Comment jugez-vous l’adoption le 11 décembre du projet de loi de ratification par une petite poignée de députés [1] ?
Sophie Diehl. C’est ce que l’on craignait : une telle réforme mise en œuvre par ordonnance ne laisse en réalité que peu de place au débat. La plupart des rares amendements adoptés n’étaient en réalité que rédactionnels. Dans une actualité parlementaire chargée, les députés ont privilégié les textes sur lesquels ils pouvaient peser, en lieu et place d’un simple texte de ratification. Pourtant, n’oublions pas que la réforme de l’ordonnance de 1945 est nécessaire.
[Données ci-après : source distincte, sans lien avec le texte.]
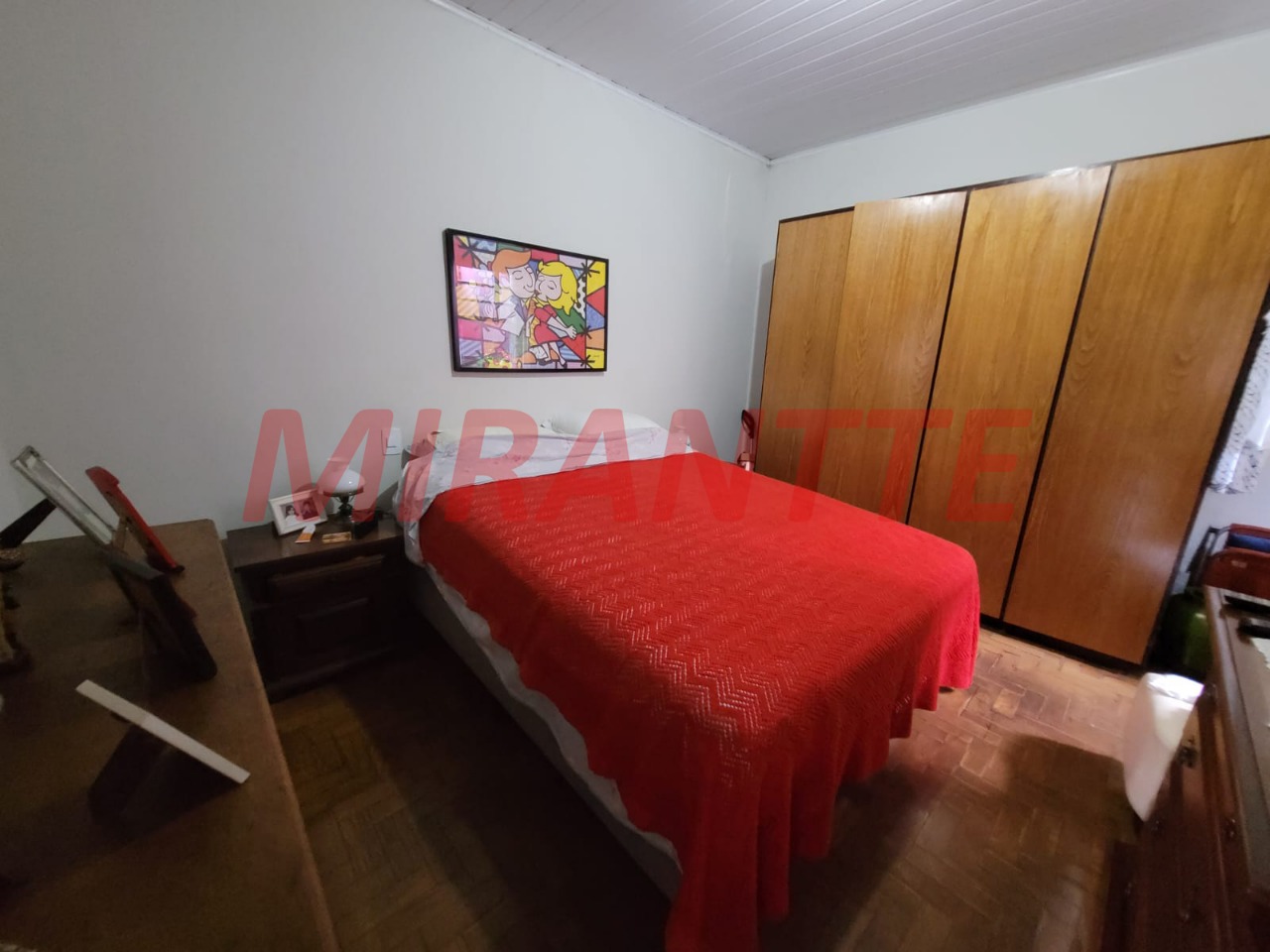 Sobrado de 305m² com 5 quartos em Santa Teresinha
Le Code de justice pénale pour mineurs (CJPM) réussit son pari en clarifiant les procédures et simplifiant les mesures éducatives. Un bémol toutefois : les Codes pénal et de procédure pénale restent malheureusement encore la norme, y compris pour les mineurs. Une séparation stricte devrait être établie.
Quel est désormais l’enjeu prioritaire ?
S. D. La césure pénale assurément ! Elle promettait d’être une excellente procédure permettant de considérer les victimes, de déclarer rapidement la culpabilité et d’ouvrir une vraie période éducative. Or, le texte prévoit aujourd’hui de l’appliquer aux primo délinquants et de réserver une audience unique aux réitérants et récidivistes, ceux-là mêmes pour lesquelles la césure était prévue dans le projet de Nicole Belloubet ! Ce sont eux qui constituent pourtant le cœur du problème : 7 % des mineurs mis en cause commettent à eux seuls 36 % des délits. On passe à côté de tout l’intérêt de la césure qui doit devenir la norme, non l’exception. Par ailleurs, la notion du discernement établie par défaut à 13 ans doit impliquer l’instauration de réponses administratives spécifiques en infra judiciaire. Or, le texte est muet sur ce point.
La mesure éducative judiciaire unique constitue toutefois une avancée ?
S. D. Absolument. Elle permet un accompagnement dans la durée en pré et post-sentencielle, via une mesure adaptée et adaptable à chaque situation. Sous réserve, encore une fois, de disposer d’une césure pénale de qualité, pouvant donner lieu à une déclaration de réussite éducative par le juge ! Tout est lié. Autre bonne nouvelle : l’annonce par le Premier ministre l’été dernier dans le cadre de la justice de proximité d’un budget destiné à financer les alternatives aux poursuites qui, il est vrai, n’ont pas été réfléchies dans le cadre du CJPM. Cela pourrait constituer une véritable première réponse pénale qualitative pour peu que les magistrats et la Protection judiciaire de la jeunesse (PJJ) s’en saisissent, en s’appuyant sur les associations.
[1] Le texte est arrivé au Senat le 14 décembre.